What is expected. Your output should be the lines from the one containing "TRAVIS HUNTER JAGUARS" through the end of the listing, exact and inclusive, with no pictures.

Data for review.
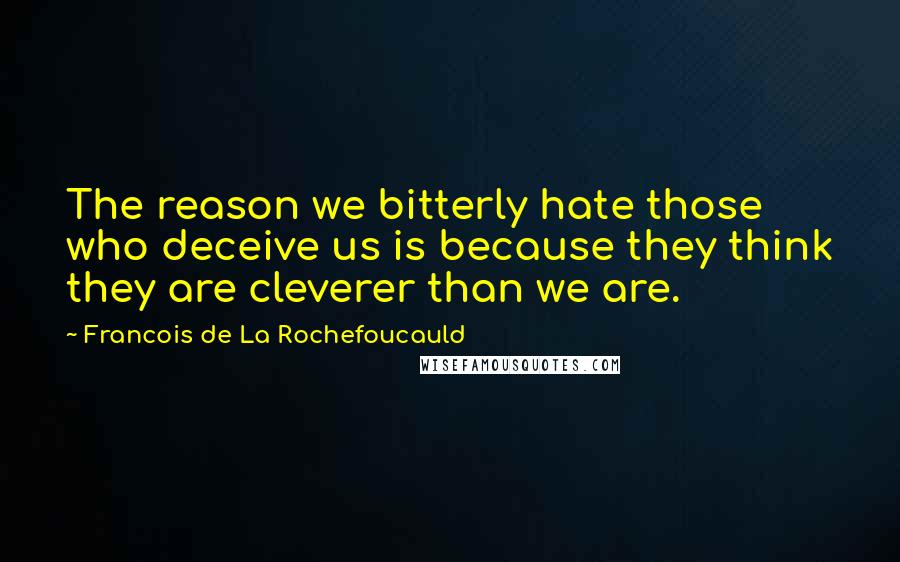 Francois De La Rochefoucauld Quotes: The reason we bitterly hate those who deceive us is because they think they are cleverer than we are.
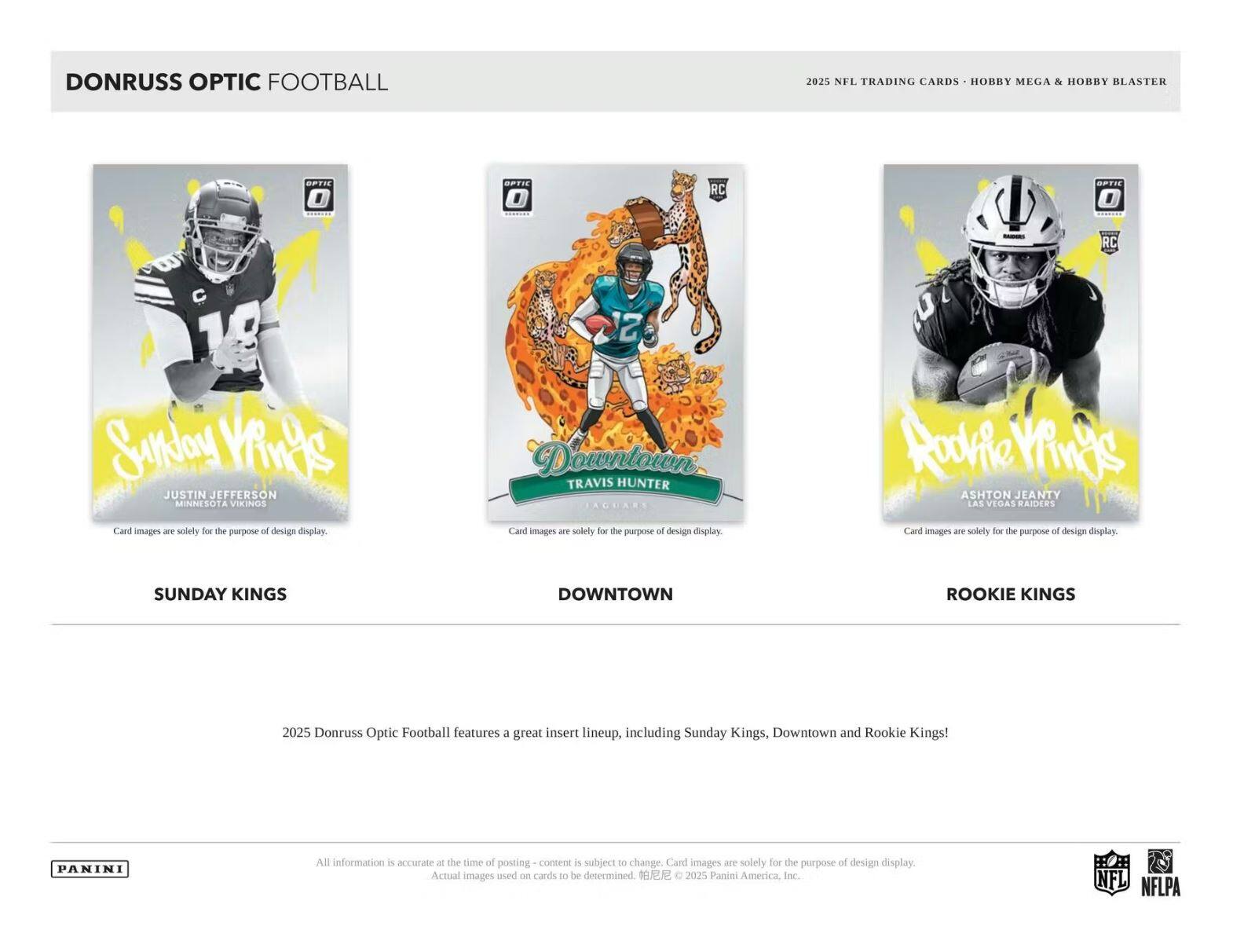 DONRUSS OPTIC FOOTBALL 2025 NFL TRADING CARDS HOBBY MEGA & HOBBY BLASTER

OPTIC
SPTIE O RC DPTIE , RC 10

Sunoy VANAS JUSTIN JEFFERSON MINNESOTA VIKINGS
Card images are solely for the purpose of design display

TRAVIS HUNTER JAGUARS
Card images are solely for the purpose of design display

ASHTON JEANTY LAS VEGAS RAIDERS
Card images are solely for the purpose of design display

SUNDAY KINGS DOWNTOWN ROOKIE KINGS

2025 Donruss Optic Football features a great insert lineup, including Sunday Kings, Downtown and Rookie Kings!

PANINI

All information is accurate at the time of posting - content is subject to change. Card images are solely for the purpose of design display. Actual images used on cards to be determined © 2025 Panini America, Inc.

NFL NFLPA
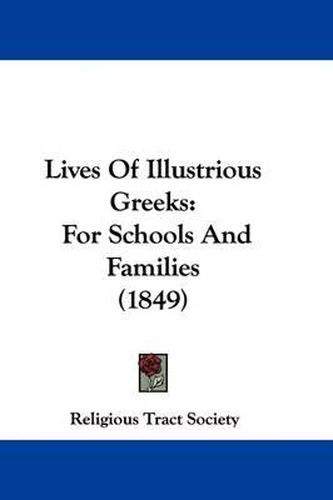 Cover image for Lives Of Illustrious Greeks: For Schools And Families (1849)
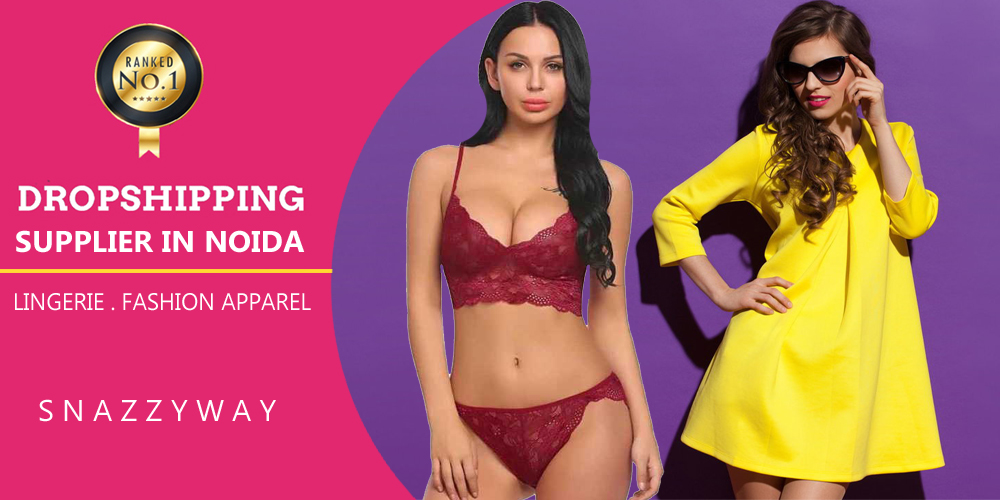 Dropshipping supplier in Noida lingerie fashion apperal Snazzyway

Solution below.
TRAVIS HUNTER JAGUARS
Card images are solely for the purpose of design display

ASHTON JEANTY LAS VEGAS RAIDERS
Card images are solely for the purpose of design display

SUNDAY KINGS DOWNTOWN ROOKIE KINGS

2025 Donruss Optic Football features a great insert lineup, including Sunday Kings, Downtown and Rookie Kings!

PANINI

All information is accurate at the time of posting - content is subject to change. Card images are solely for the purpose of design display. Actual images used on cards to be determined © 2025 Panini America, Inc.

NFL NFLPA
 Cover image for Lives Of Illustrious Greeks: For Schools And Families (1849)
 Dropshipping supplier in Noida lingerie fashion apperal Snazzyway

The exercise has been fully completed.